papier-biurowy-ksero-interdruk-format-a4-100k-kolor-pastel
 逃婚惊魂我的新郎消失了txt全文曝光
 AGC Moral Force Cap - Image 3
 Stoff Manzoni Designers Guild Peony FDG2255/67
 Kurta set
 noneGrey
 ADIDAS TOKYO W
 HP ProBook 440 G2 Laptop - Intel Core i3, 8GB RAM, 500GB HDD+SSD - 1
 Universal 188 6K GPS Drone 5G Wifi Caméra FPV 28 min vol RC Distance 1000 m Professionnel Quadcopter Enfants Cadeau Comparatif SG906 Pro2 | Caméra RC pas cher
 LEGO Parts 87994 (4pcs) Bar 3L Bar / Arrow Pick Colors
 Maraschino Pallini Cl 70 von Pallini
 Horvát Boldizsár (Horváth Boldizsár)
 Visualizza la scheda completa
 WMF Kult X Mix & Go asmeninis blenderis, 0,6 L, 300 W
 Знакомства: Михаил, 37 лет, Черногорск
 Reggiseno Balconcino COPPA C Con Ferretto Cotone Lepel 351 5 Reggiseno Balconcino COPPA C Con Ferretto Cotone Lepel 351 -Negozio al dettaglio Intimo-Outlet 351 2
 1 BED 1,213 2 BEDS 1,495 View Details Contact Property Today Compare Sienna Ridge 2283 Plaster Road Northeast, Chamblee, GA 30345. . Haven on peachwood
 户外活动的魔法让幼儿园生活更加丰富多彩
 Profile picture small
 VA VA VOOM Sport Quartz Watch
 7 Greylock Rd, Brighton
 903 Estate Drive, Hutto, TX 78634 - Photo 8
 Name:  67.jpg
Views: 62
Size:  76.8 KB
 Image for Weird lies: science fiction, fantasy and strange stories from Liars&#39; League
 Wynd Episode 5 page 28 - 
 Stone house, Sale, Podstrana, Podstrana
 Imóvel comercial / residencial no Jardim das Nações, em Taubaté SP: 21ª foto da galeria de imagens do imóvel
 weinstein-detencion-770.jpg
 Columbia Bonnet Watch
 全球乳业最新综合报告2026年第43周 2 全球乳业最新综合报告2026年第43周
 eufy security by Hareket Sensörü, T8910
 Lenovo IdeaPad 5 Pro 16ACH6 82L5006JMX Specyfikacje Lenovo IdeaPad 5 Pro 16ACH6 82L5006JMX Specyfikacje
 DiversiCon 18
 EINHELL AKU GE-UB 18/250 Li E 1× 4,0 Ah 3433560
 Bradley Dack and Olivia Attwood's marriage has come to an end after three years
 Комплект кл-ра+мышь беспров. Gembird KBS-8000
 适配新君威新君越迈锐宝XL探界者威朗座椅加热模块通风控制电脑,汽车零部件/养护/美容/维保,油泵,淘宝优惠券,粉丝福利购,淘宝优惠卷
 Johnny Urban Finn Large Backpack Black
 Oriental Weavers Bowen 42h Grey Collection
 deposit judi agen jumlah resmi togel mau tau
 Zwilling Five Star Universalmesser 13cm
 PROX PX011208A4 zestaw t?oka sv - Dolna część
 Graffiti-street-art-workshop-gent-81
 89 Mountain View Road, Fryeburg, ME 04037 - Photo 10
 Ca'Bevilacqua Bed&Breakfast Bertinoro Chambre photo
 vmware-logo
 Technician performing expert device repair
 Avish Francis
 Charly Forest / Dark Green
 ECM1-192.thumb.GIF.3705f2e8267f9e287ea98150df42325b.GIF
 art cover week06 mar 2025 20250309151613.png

******

## Your instructions
What the answer should hold is an exact copy of each line from the one containing "Profile picture small" to the final line of the listing above.

## Your response
 Profile picture small
 VA VA VOOM Sport Quartz Watch
 7 Greylock Rd, Brighton
 903 Estate Drive, Hutto, TX 78634 - Photo 8
 Name:  67.jpg
Views: 62
Size:  76.8 KB
 Image for Weird lies: science fiction, fantasy and strange stories from Liars&#39; League
 Wynd Episode 5 page 28 - 
 Stone house, Sale, Podstrana, Podstrana
 Imóvel comercial / residencial no Jardim das Nações, em Taubaté SP: 21ª foto da galeria de imagens do imóvel
 weinstein-detencion-770.jpg
 Columbia Bonnet Watch
 全球乳业最新综合报告2026年第43周 2 全球乳业最新综合报告2026年第43周
 eufy security by Hareket Sensörü, T8910
 Lenovo IdeaPad 5 Pro 16ACH6 82L5006JMX Specyfikacje Lenovo IdeaPad 5 Pro 16ACH6 82L5006JMX Specyfikacje
 DiversiCon 18
 EINHELL AKU GE-UB 18/250 Li E 1× 4,0 Ah 3433560
 Bradley Dack and Olivia Attwood's marriage has come to an end after three years
 Комплект кл-ра+мышь беспров. Gembird KBS-8000
 适配新君威新君越迈锐宝XL探界者威朗座椅加热模块通风控制电脑,汽车零部件/养护/美容/维保,油泵,淘宝优惠券,粉丝福利购,淘宝优惠卷
 Johnny Urban Finn Large Backpack Black
 Oriental Weavers Bowen 42h Grey Collection
 deposit judi agen jumlah resmi togel mau tau
 Zwilling Five Star Universalmesser 13cm
 PROX PX011208A4 zestaw t?oka sv - Dolna część
 Graffiti-street-art-workshop-gent-81
 89 Mountain View Road, Fryeburg, ME 04037 - Photo 10
 Ca'Bevilacqua Bed&Breakfast Bertinoro Chambre photo
 vmware-logo
 Technician performing expert device repair
 Avish Francis
 Charly Forest / Dark Green
 ECM1-192.thumb.GIF.3705f2e8267f9e287ea98150df42325b.GIF
 art cover week06 mar 2025 20250309151613.png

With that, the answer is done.